▶ [Task goal] Copy out the data below as written; omit any images.

▶ [Material provided]
┌──

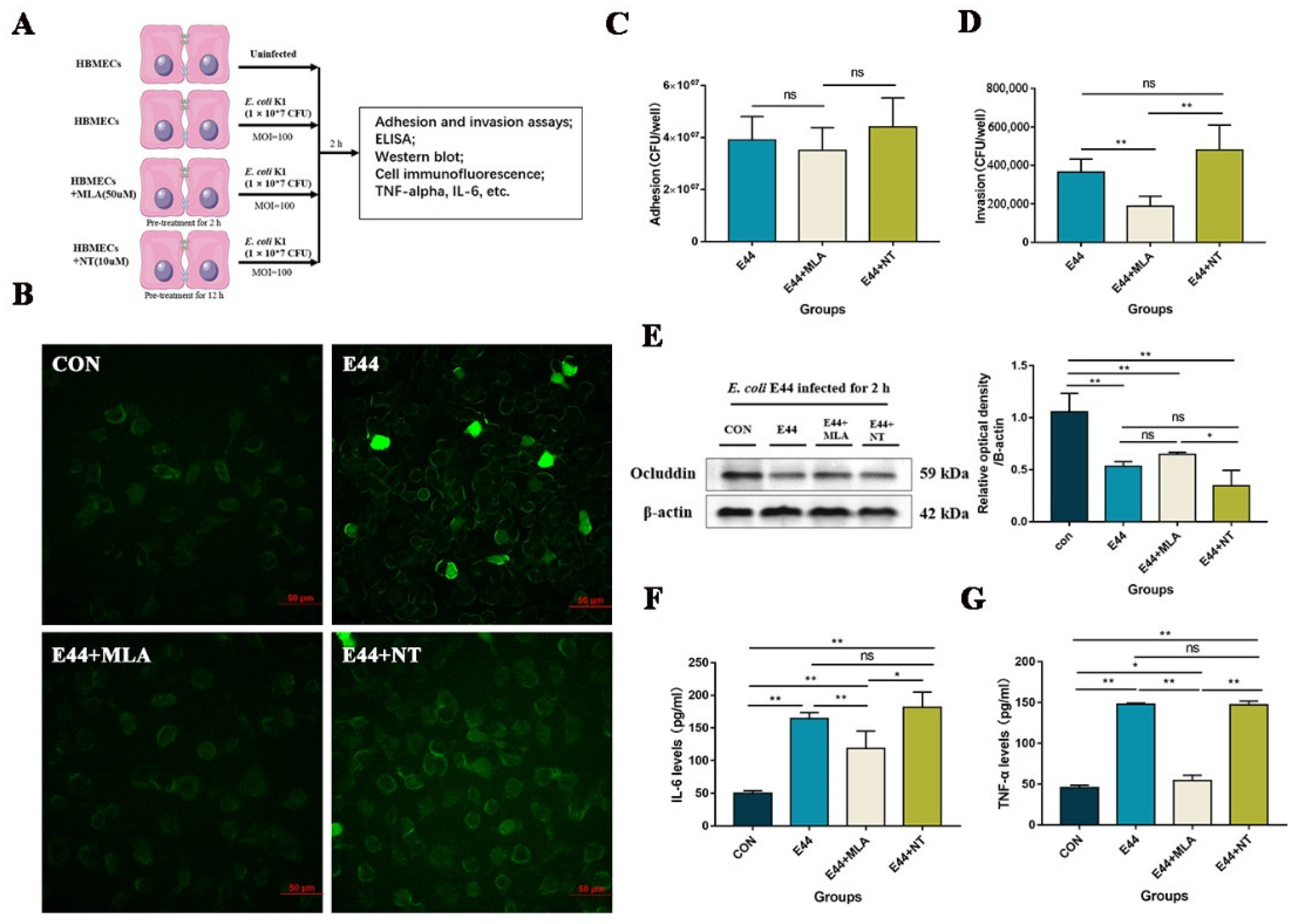 Alpha7 Nicotinic Acetylcholine Receptor Antagonists Prevent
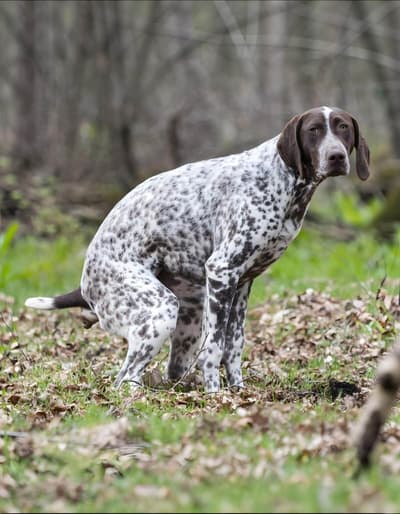 Dog sitting outdoors in a natural setting with trees and leaves, showcasing breed identification and behavior.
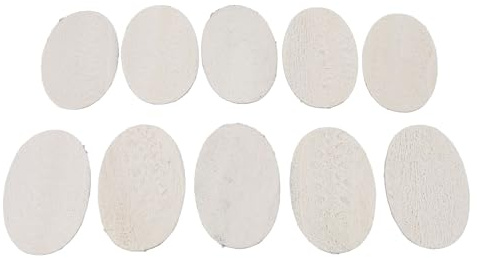 Fyearfly Juego de 10 esponjas de lufa, limpiador ecológico para lavavajillas y ducha, 3.1 x 4.72 pulgadas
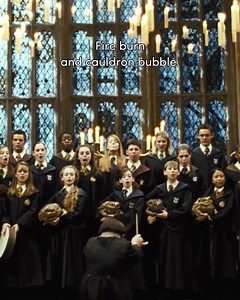 Other choirs have been real quiet since this song dropped | Harry Potter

└──

▶ [Output for this task]
 Alpha7 Nicotinic Acetylcholine Receptor Antagonists Prevent
 Dog sitting outdoors in a natural setting with trees and leaves, showcasing breed identification and behavior.
 Fyearfly Juego de 10 esponjas de lufa, limpiador ecológico para lavavajillas y ducha, 3.1 x 4.72 pulgadas
 Other choirs have been real quiet since this song dropped | Harry Potter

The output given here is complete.